= Massimo Urbani =

Italian musician

Massimo Urbani (8 May 1957 - 24 June 1993) was an Italian jazz alto saxophonist. He played principally in the bebop style.

==Life and career==
Urbani was born in Primavalle, Rome on 8 May 1957, the oldest of five brothers. His first instrument, from 1968, was the clarinet, but he soon switched to the alto saxophone.

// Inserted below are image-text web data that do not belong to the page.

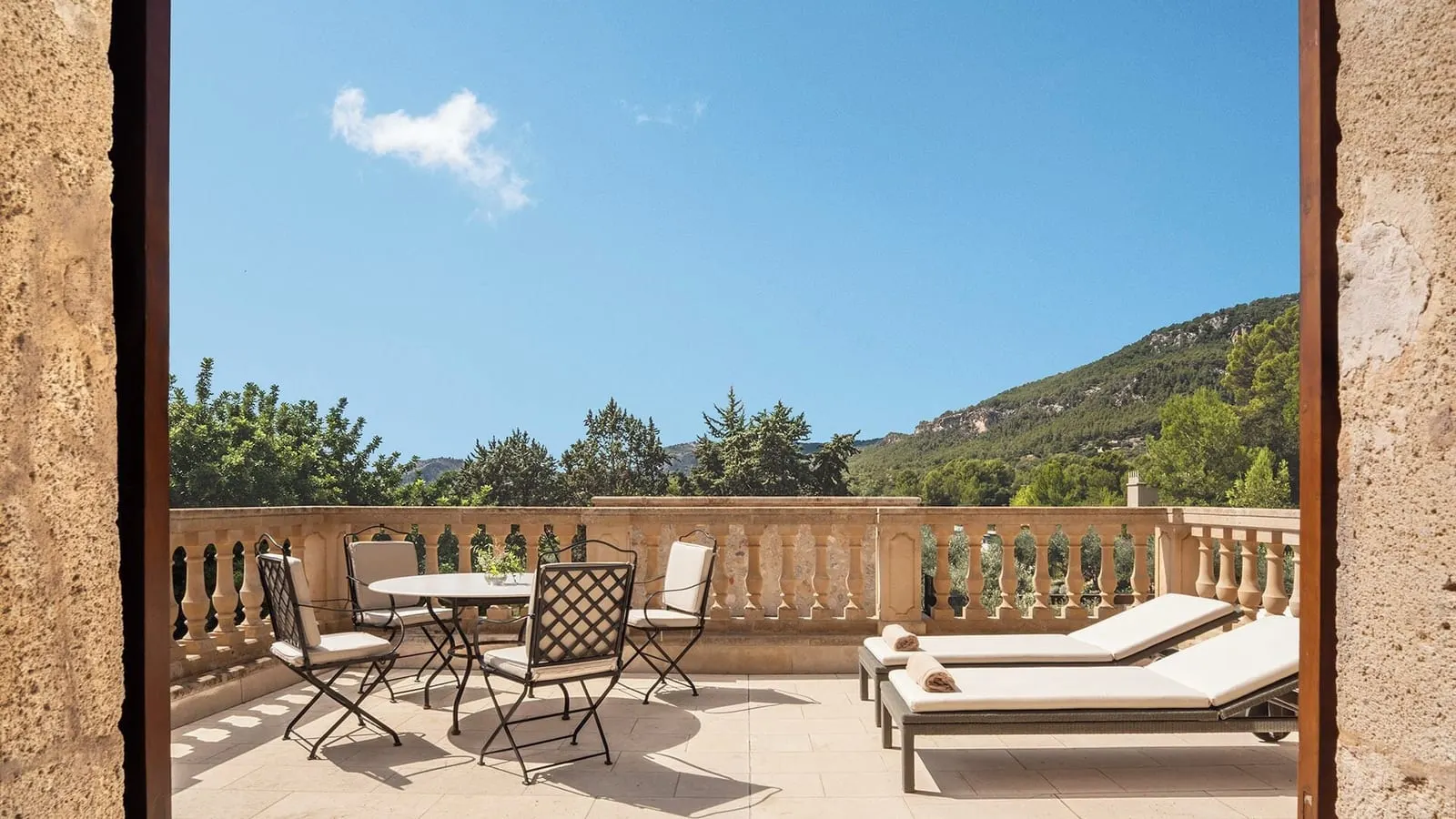 Castell Son Claret: The Tower Suite's terrace, with the hills beyond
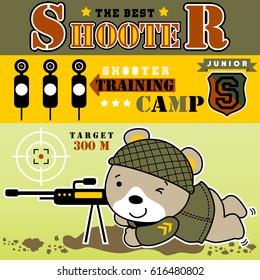 Cute bear in soldier uniform with gun, military element, vector cartoon illustration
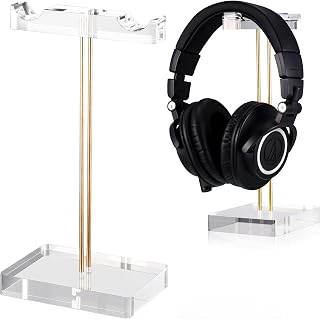 Geetery Acrylic Headphone Stand Headset Holder with Gold Hardware Transparent Desktop Gaming Clear Headset Stand for Desk with 2 Headset Hanger Rack Office Accessories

Urbani died of a heroin overdose on 23 June 1993. The Penguin Guide to Jazz commented that "Urbani's senseless death robbed Europe of a player whose records are a flawed testament to a bopper of enormous guts and facility."

==Discography==
- 1974 Jazz a Confronto 13 (Horo)
- 1977 Invitation (Philology
- 1979 360° Aeutopia (Red)
- 1980 Dedications to A.A. & J.C. – Max's Mood (Red)
- 1981 Go Max Go (Philology)
- 1983 Max Leaps In with Tullio De Piscopo, Mike Melillo, Massimo Moriconi)
- 1984 The Urbisaglia Voncert (Philology)
- 1987 Easy to Love (Red)
- 1987 Duets Improvisations for Yardbird with Mike Melillo (Philology)
- 1988 Urlo (Elicona)
- 1990 Out of Nowhere (Splasc)
- 1991 Round About Max with Strings (Sentemo)
- 1993 The Blessing (Red)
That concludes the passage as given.